▶ _What is required_: Only one stretch of the data below is wanted: the lines from the one with "3400 North Lake" through the one with "Pantalones de chándal", repeated exactly.

▶ _Record extracts_:

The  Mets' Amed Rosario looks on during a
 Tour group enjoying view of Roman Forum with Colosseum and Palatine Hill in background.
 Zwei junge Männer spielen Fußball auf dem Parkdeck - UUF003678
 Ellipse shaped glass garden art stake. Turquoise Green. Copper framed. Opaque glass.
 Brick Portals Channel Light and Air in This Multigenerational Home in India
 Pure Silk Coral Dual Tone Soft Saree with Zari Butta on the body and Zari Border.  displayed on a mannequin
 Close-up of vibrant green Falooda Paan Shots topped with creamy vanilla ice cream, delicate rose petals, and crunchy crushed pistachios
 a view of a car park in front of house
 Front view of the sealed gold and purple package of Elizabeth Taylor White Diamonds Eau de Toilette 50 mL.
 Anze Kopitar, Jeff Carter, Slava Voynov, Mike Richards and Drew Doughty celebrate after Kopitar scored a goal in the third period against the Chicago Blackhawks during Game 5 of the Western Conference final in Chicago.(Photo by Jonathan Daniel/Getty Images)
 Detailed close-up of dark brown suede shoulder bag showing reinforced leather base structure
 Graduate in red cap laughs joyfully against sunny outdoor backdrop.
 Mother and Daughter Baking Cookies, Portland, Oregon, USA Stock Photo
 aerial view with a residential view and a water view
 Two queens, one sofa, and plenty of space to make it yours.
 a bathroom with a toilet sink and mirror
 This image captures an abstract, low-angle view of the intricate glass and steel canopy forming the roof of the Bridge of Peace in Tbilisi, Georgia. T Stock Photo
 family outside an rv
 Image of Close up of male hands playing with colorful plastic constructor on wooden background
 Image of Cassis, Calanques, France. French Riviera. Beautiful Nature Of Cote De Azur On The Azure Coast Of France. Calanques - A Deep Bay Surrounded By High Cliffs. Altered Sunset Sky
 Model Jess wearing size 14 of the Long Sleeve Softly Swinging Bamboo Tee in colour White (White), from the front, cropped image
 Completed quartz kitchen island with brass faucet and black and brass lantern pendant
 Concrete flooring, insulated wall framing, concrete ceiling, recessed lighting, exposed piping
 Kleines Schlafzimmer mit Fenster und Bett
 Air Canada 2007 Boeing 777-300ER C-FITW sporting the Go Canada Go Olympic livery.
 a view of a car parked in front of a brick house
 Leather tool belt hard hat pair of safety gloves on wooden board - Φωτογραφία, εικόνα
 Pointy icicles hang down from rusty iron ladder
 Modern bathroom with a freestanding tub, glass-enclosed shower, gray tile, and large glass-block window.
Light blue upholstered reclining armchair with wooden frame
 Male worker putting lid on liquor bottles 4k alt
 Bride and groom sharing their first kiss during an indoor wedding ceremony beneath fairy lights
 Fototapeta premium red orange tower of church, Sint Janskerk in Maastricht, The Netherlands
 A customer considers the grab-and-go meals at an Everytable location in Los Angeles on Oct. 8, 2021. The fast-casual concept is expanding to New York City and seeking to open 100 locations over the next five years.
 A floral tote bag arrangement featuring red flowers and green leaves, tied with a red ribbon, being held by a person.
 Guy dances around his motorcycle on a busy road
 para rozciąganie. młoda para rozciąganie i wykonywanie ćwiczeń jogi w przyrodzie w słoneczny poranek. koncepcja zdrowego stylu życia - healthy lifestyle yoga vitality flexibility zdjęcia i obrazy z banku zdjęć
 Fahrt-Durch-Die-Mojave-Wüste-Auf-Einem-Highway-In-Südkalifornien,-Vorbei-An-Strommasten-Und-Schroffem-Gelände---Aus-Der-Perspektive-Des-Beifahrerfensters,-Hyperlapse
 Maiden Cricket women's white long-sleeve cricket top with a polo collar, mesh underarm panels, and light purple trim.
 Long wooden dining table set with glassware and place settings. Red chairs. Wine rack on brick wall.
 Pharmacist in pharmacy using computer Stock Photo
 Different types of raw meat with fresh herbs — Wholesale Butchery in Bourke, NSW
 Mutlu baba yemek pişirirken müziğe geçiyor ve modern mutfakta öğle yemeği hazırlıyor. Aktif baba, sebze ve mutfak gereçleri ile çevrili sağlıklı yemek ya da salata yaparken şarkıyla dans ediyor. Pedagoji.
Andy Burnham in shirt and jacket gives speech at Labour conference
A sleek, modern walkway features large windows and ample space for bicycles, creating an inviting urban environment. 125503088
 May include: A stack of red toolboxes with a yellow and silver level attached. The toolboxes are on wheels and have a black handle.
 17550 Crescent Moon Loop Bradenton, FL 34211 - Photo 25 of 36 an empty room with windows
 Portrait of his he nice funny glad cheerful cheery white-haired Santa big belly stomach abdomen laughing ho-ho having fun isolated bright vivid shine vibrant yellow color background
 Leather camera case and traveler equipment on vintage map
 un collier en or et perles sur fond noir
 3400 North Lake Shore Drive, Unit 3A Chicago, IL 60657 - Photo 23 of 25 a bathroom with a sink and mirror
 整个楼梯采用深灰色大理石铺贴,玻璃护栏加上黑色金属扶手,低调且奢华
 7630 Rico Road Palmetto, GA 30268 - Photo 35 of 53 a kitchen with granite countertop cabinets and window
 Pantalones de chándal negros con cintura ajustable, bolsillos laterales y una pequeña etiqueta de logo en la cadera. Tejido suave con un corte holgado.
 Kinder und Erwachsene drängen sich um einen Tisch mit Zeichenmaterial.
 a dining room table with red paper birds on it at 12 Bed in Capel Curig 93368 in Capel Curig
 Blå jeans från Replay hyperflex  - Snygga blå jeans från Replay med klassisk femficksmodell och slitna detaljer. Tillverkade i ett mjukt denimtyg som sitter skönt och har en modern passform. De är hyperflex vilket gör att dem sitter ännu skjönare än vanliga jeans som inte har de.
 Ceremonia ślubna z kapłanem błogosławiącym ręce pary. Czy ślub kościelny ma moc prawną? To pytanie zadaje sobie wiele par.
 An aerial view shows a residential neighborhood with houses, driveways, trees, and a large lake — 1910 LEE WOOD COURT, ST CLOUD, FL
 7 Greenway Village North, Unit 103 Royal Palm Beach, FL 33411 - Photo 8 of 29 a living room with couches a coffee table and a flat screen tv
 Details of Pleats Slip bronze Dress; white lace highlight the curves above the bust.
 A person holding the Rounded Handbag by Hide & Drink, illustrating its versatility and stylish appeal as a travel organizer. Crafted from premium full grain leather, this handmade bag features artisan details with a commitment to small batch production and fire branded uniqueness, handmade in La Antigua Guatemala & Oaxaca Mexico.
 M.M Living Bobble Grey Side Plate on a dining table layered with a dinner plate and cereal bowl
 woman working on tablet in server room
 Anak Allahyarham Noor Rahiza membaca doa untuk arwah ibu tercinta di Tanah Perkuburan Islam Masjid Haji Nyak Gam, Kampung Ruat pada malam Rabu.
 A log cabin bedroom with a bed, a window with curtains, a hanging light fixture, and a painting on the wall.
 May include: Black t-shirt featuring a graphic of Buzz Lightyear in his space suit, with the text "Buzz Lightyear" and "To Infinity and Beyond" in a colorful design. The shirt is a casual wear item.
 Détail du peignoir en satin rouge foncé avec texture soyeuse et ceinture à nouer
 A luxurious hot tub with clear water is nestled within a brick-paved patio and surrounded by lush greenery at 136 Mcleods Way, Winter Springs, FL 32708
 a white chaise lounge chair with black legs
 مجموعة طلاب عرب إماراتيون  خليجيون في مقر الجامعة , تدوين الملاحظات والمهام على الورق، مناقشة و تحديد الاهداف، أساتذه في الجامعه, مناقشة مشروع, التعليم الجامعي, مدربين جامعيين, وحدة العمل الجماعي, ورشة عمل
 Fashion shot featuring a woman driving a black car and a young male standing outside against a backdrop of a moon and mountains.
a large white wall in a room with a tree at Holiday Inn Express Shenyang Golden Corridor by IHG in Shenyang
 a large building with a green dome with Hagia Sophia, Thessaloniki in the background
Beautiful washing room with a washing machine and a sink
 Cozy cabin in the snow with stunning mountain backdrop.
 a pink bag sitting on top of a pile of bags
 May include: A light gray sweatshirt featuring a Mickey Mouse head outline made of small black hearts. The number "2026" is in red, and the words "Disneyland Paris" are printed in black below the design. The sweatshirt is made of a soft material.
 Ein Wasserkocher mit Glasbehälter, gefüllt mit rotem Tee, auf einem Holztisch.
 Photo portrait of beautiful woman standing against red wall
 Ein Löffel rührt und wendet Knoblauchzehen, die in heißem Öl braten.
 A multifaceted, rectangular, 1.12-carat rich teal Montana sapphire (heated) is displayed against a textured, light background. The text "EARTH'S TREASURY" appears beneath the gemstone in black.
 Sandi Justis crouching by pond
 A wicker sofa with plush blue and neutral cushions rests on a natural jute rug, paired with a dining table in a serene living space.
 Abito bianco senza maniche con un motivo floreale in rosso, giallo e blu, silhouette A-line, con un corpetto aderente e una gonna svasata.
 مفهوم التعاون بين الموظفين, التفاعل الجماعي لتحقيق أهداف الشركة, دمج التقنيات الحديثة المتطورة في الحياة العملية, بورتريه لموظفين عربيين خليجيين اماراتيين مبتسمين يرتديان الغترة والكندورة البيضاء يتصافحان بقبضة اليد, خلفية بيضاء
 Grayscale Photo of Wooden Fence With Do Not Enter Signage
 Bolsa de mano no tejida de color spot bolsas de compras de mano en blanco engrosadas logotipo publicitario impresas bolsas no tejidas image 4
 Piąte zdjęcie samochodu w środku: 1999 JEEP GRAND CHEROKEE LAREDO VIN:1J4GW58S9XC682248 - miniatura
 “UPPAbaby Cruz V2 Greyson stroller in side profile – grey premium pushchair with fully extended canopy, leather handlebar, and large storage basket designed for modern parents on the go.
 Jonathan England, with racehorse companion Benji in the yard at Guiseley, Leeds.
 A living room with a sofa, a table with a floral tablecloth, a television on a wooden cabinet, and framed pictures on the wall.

▶ _Result of the exercise_:
 3400 North Lake Shore Drive, Unit 3A Chicago, IL 60657 - Photo 23 of 25 a bathroom with a sink and mirror
 整个楼梯采用深灰色大理石铺贴,玻璃护栏加上黑色金属扶手,低调且奢华
 7630 Rico Road Palmetto, GA 30268 - Photo 35 of 53 a kitchen with granite countertop cabinets and window
 Pantalones de chándal negros con cintura ajustable, bolsillos laterales y una pequeña etiqueta de logo en la cadera. Tejido suave con un corte holgado.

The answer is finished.